Data after Sentence Pruning:


food => Our food was delicious.
restaurant => The restaurant became noisier as the evening progressed but
because we were in one of the intimate side sections, the noise never became
overwhelming.

As you can see we have pruned first sentence, as it doesn’t contain in any
extracted feature.

Type Dependencies on Pruned Set of Sentences


We use the pruned set of sentences for each restaurant that contain the
features from the Sentence Pruning step and run type dependency parser on
these sentences for each Restaurant. We have used Stanford Parser to output
type dependency format for each sentence. Stanford parser uses dot,
exclamation mark and hyphen as a sentence boundary. We have used same
boundaries for extracting sentences from reviews. We store type dependency
for each sentence.
Example:
The type dependency generated for a sentence below is as follows
we run it as follows using LexicalParser and output only the dependencies.
java -mx1200m -cp "$scriptdir/stanford-parser.jar:"
edu.stanford.nlp.parser.lexparser.LexicalizedParser -outputFormat
"typedDependencies" $scriptdir/englishPCFG.ser.gz $*

Feature => Sentence pair:


staff => staff was super attentive.
food => the food was brilliant.
ambience => the ambiance and decor excellent.

Ouput of the parser.


nsubj(attentive-4, staff-1)
cop(attentive-4, was-2)
amod(attentive-4, super-3)
det(food-7, the-6)
nsubj(brilliant-9, food-7)
cop(brilliant-9, was-8)
ccomp(attentive-4, brilliant-9)
det(ambiance-12, the-11)
dep(excellent-15, ambiance-12)
conj_and(ambiance-12, decor-14)
dep(excellent-15, decor-14)
ccomp(attentive-4, excellent-15)

We generate separate files(196 files) for each Restaurant with all sentences,
which contain features. They are followed by the Type Dependencies as in
the above format. We call this the dependencies file for each Restaurant.
Once we have these dependencies file we extract the opinions about each
feature by running our SentenceAnalyser script.

Opinion Extraction
We have implemented a Perl script that performs the Opinion Extraction
from the dependencies file for each restaurant.

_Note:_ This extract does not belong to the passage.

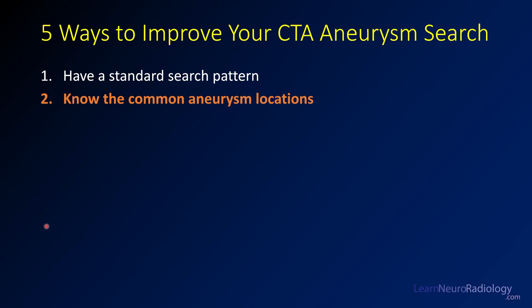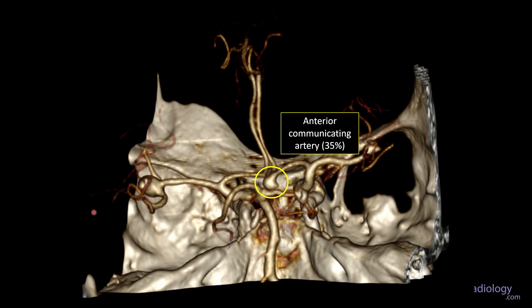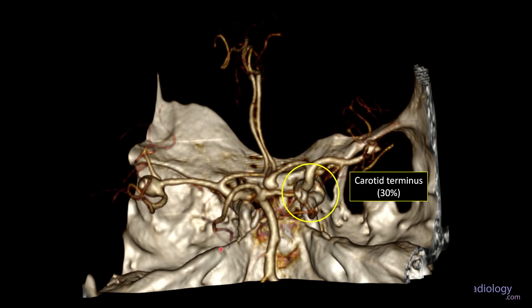Step number two to improving your CTA aneurysm search is to know the common aneurysm locations. If you know the common locations, you can spend a little extra time focusing on those spots and minimize your risk of missing an aneurysm there. The most common location for an intracranial aneurysm is the anterior communicating artery, making up about 35% of intracranial aneurysms. The second most common is the carotid terminus, making up about 30%, which includes the ophthalmic, PCOM, and carotid terminus sublocations.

We have automated this task
by having a single script that calls our SentenceAnalyser on each of the
Restaurant dependency files. The script takes three input files and produces
one output file. The first input file is the Restaurant review sentences and the
second file is the feature for each sentence and third file is the Type
dependencies (dependencies file) for each Sentence. The input files have one
to one correspondence on line level.

Restaurant1FeaturesFile Line 1 -> Restaurant1ReviewSentencesFile Line 1


Restaurant1FeaturesFile Line 2-> Restaurant1ReviewSentencesFile Line 2
...
Restaurant1FeaturesFile Line N -> Restaurant1ReviewSentencesFile Line
N
we use the three important type dependencies in doing opinion word
extraction for given feature.

1) nsubj : nominal subject


A nominal subject is a noun phrase which is the syntactic subject of a clause.
The governor of this relation might not always be a verb: when the verb is a
copular verb, the root of the clause is the complement of the copular verb.
Example:-
“Clinton defeated Dole” nsubj(defeated, Clinton)
“The baby is cute” nsubj(cute, baby)

2) amod: adjectival modifier


An adjectival modifier of an NP is any adjectival phrase that serves to
modify the meaning of the NP.
Example
“Sam eats red meat” amod(meat, red)
3) neg: negation modifier
The negation modifier is the relation between a negation word and the word
it modifies.
Example
“Bill is not a scientist” neg(scientist, not)
“Bill doesn’t drive” neg(drive, n’t)

The SentenceAnalyser takes the dependencies files and extracts "nsubj",


"amod" and "neg" tags and interprets them to extract opinions of a feature.
For example consider the sentence below.
"staff was super attentive , the food was brilliant , the ambiance and decor
excellent."
We have already extracted the features like "staff", "food" and "ambiance"
from our feature extraction step. We then look for these features in the nsubj,
amod and neg tags to obtain opinions. For example from the dependencies
above we have only "nsubj" and "amod" tags to identify opinions about the
sentence.
nsubj(attentive-4, staff-1)
amod(attentive-4, super-3)
nsubj(brilliant-9, food-7)
We report opinions as follows for each sentence and store the results in
another file called summaryFile per Restaurants.
"staff" -> "super","attentive"
"food" -> "brilliant"
Even though we identified "staff", "food", "ambiance" and "decor" as
features we could get opinion information only about staff and food looking
at the dependencies.
In the above example, we identified "attentive" as well as "super" to be
opinion words for "staff". We do that by looking at if any of the features has
an nsubj and if so we get the opinion identifier and see if there is any other
adjective modifying the opinion adjective, which in the above case is
“super”, which is modifying "attentive". Here even though "super" seems to
be an intensifying the opinion "attentive" we currently report it as an
"opinion".
We also try to identify negation of opinion words, which will invert the
polarity of an opinion.

Example
"we both felt that the clam chowder broth was really thin and not as creamy
and thick as previous trips"
nsubj(felt-3, we-1)
nsubj(thin-11, broth-8)
nsubj(creamy-15, broth-8)
advmod(creamy-15, as-14)
ccomp(felt-3, creamy-15)
amod(trips-20, previous-19)
prep_as(thin-11, trips-20)

So we extract "broth" and "chowder" as features and identify the opinion


words from the type dependencies below
nsubj(thin-11, broth-8)
neg(creamy-15, not-13)
We identify the opinion words for "broth" as "~creamy" and "thin" as shown
below. We have put a tilde "~" before the opinion word to signify a negation
in polarity.
"broth"->~creamy,thin
We did not get any opinion about "chowder" from the type dependencies.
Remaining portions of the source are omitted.